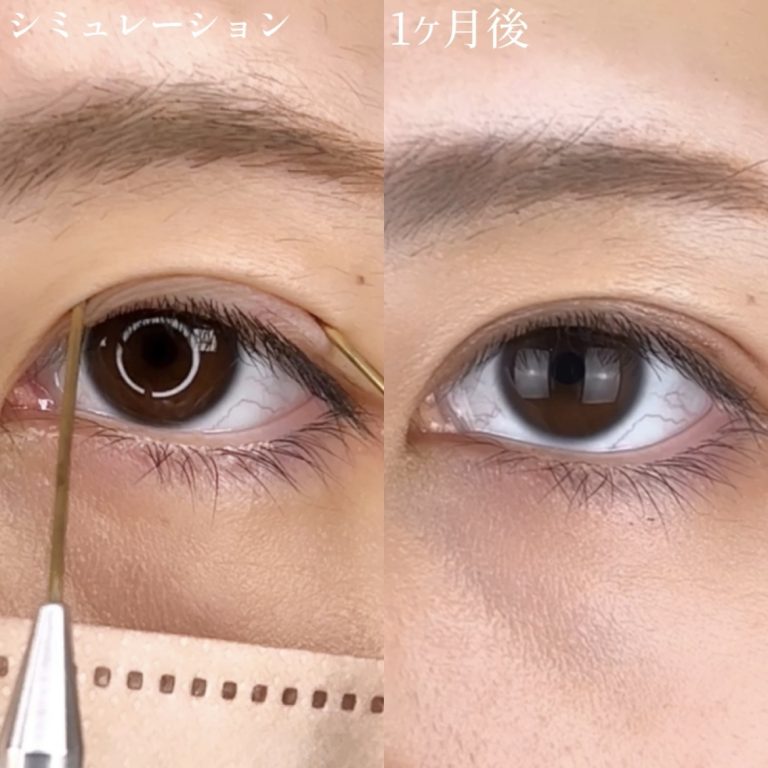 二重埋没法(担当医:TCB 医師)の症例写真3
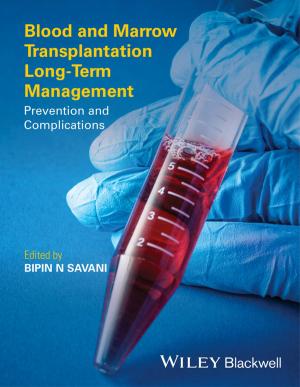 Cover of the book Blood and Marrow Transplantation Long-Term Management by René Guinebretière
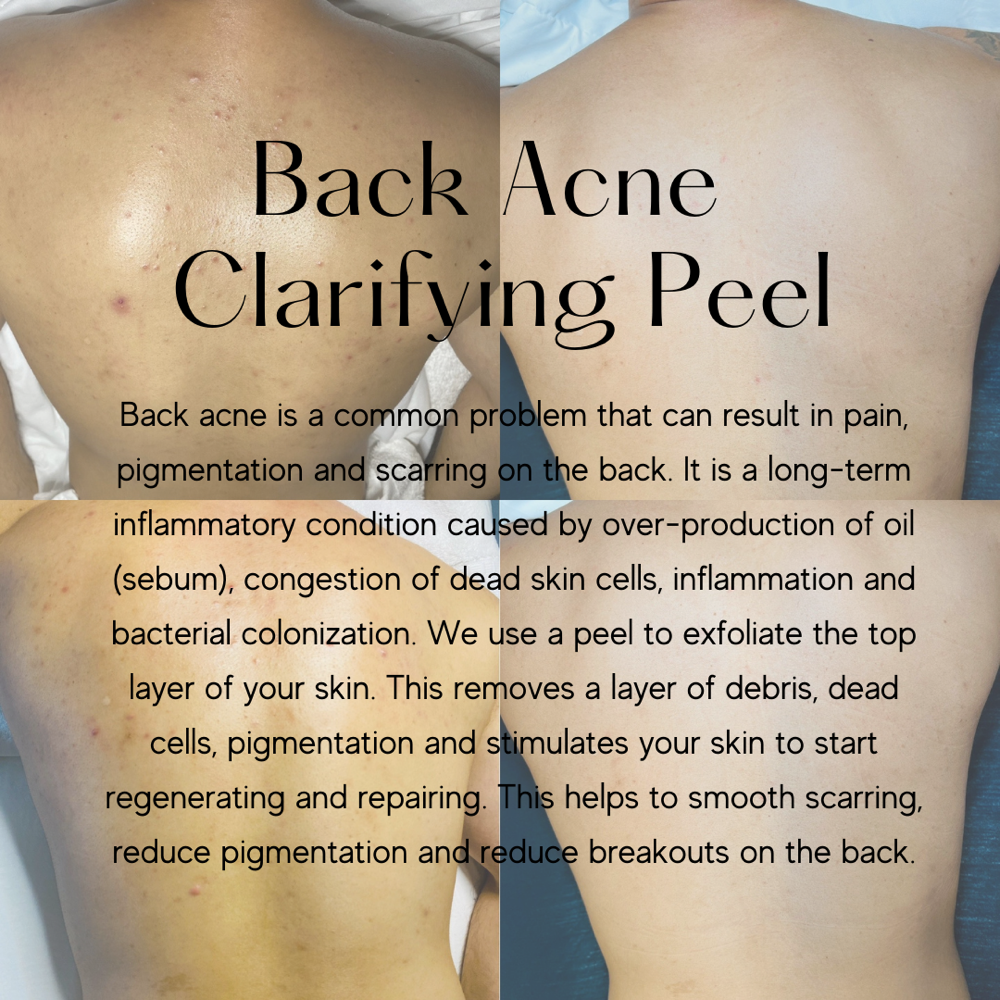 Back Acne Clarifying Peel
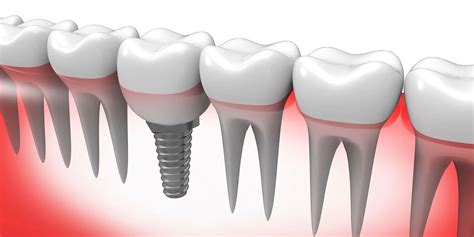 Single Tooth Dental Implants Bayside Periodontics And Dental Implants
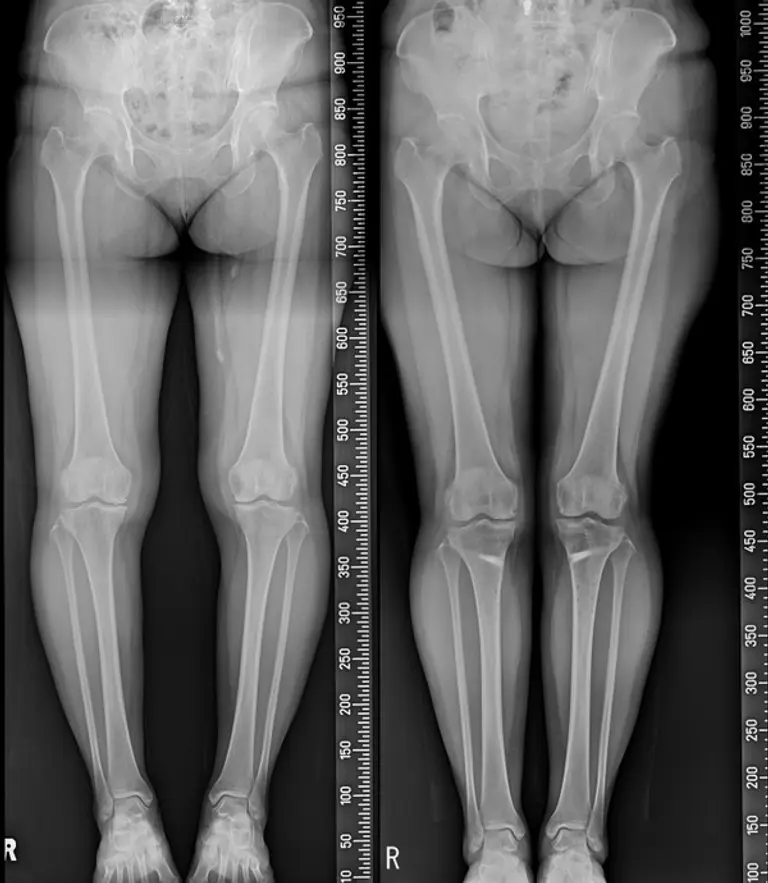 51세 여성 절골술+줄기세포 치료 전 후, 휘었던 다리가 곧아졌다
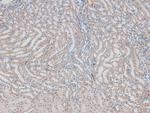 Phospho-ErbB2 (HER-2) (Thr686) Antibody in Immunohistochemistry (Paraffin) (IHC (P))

• _About this exercise_
Instructions for the copy: start at the first entry, stop after the line containing "51세 여성 절골술+줄기세포 치료 전 후, 휘었던 다리가 곧아졌다", keep every line exact, and drop the pictures.

• _Exercise response_
 二重埋没法(担当医:TCB 医師)の症例写真3
 Cover of the book Blood and Marrow Transplantation Long-Term Management by René Guinebretière
 Back Acne Clarifying Peel
 Single Tooth Dental Implants Bayside Periodontics And Dental Implants
 51세 여성 절골술+줄기세포 치료 전 후, 휘었던 다리가 곧아졌다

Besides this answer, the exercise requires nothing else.